Friday, September 25, 2009
Friday, September 25, 2009
President Obama's speech to the United Nations has been called naive and even "post-American." It was something else, as well: the most extravagant excursion into self-worship we have yet seen in an American leader.
Beware of politicians who claim to be "humbled by the responsibility the American people have placed upon me." It's a neon sign flashing the opposite. And sure enough, in almost the next sentence, the president allowed that "I am well aware of the expectations that accompany my presidency around the world." Really? The whole world pulses with hope and expectation because Obama is president? People in Amsterdam, Sao Paulo and Taipei have a spring in their step because an Illinois Democrat won the White House?
Well, yes, he says, but it's not "about me," rather it's a reflection of dissatisfaction with the "status quo that has allowed us to be increasingly defined by our differences and outpaced by our problems." Oh, yes, and everyone around the world was electrified by Obama's campaign slogan because these expectations "are also rooted in hope. The hope that real change is possible and the hope that America will be a leader in bringing about such change."
Obama is, we are told, the smartest man to sit in the Oval in many a year. And yet he is capable of truly flabbergasting fatuities like this: "In this hall, we come from many places, but we share a common future." You don't say? That's right up there with Warren Harding's declaration that "the future lies before us."
Obama announced that we no longer "have the luxury of indulging our differences to the exclusion of the work that we must do together. I have carried this message from London to Ankara, from Port of Spain to Moscow, from Accra to Cairo, and it is what I will speak about today." Note the personal pronoun. But what message has this evangelist carried to all these world capitals? That hope and change have been vouchsafed to the fallen world in the person of Barack Obama?
During last year's campaign, Michelle Obama and her defenders insisted that her statement "For the first time in my adult life I'm proud of my country" (for supporting her husband) was unfairly wrenched from its context. Maybe, though she said it more than once.
But Obama's indictment of the United States before the U.N. suggests identical sentiments. "I took office at a time when many around the world had come to view America with skepticism and distrust," the president said. And mostly it seems, those views were justified. America had acted "unilaterally, without regard for the interests of others." Addressing himself directly to America's critics, the president declared, "For those who question the character and cause of my nation…"
He could have mentioned the Marshall Plan, the Berlin Airlift, the billions spent on fighting AIDS in Africa, tsunami relief, the Green Revolution, defeating Nazism and Communism. Just for starters. But that's not what the president had in mind.
"…I ask you to look at the concrete actions we have taken in just nine months. On my first day in office, I prohibited without exception or equivocation the use of torture by the United States of America. I ordered the prison at Guantanamo Bay closed." The audience, composed in part of regimes that pluck out the eyeballs of political enemies and hack off the hands of suspected thieves, applauded vigorously.
There are no limits to the good that can be achieved if the world will follow Obama's leadership. "Consider the course that we're on if we fail to confront the status quo: extremists sowing terror in pockets of the world; protracted conflicts that grind on and on; genocide; mass atrocities; more nations with nuclear weapons; melting ice caps and ravaged populations; persistent poverty and pandemic disease." Yes, that's humble all right. All of those evils can be avoided by the right leadership? The hubris is staggering.

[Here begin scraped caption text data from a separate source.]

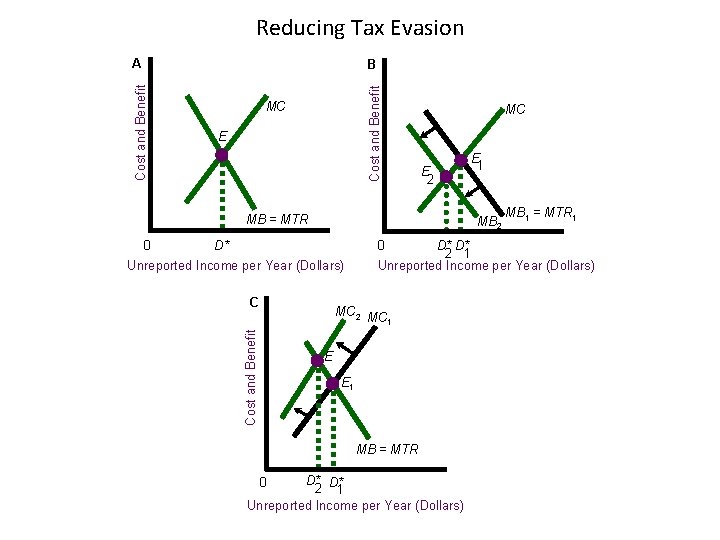 Reducing Tax Evasion A Cost and Benefit B MC E 2 MB = MTR
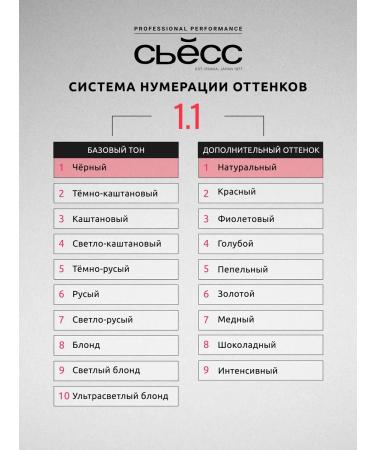 Syoss Persistent hair dye 1-1 black 115 ml - Buy Online on GoSupps.com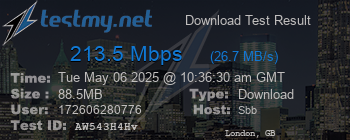 Speed Test Result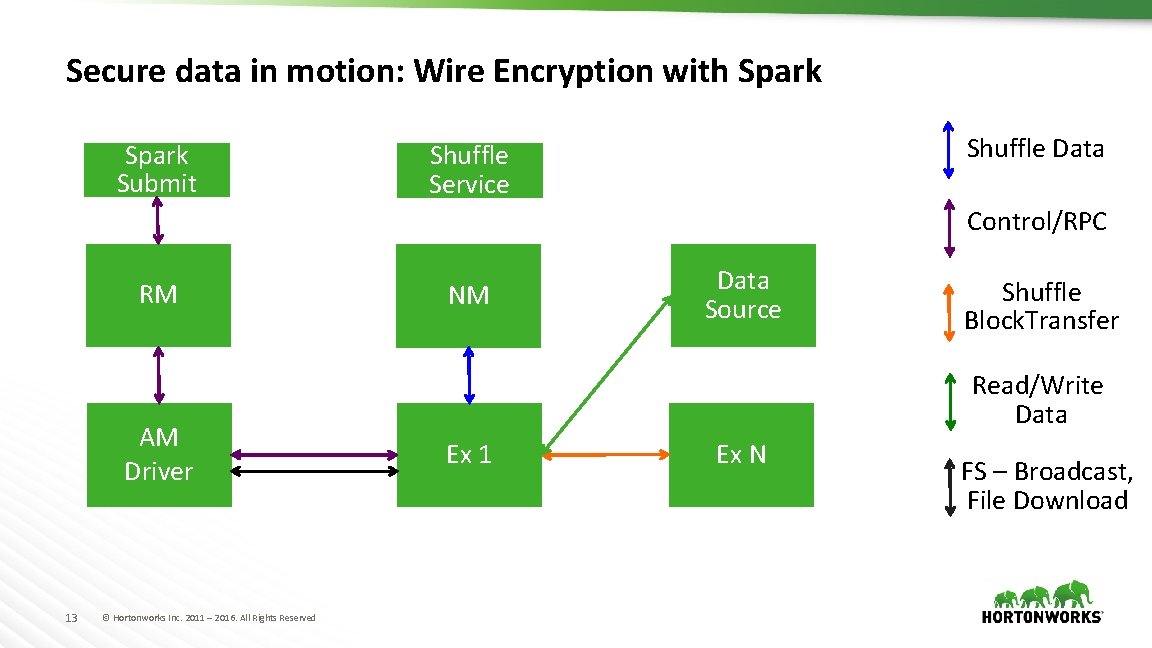 Secure data in motion: Wire Encryption with Spark Submit Shuffle Data Shuffle Service Control/RPC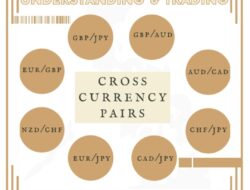 Understanding and Trading Cross Currency Pairs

Not that the solutions Obama proposes could, even if fully implemented in every detail, prevent those catastrophes. Arguably, his solutions would invite worse. He proposes, for example, not just to fight nuclear proliferation (on which he has so far achieved nothing), but also to rid the world of nuclear weapons. By promising this, he a) ratifies the arguments of Mahmoud Ahmadinejad and Kim Jong-il that it is somehow unjust for some nations to have nuclear weapons and others not; and b) commits the United States to suicidal unilateral disarmament. If the U.S. did give up its nuclear weapons and by some miracle the other nuclear powers did as well, world peace would not dawn. The race to acquire those weapons by lesser powers would intensify, as their relative value would increase immeasurably.
Those are the kinds of cold realities Obama might grapple with, if he weren't so distracted by his looking glass.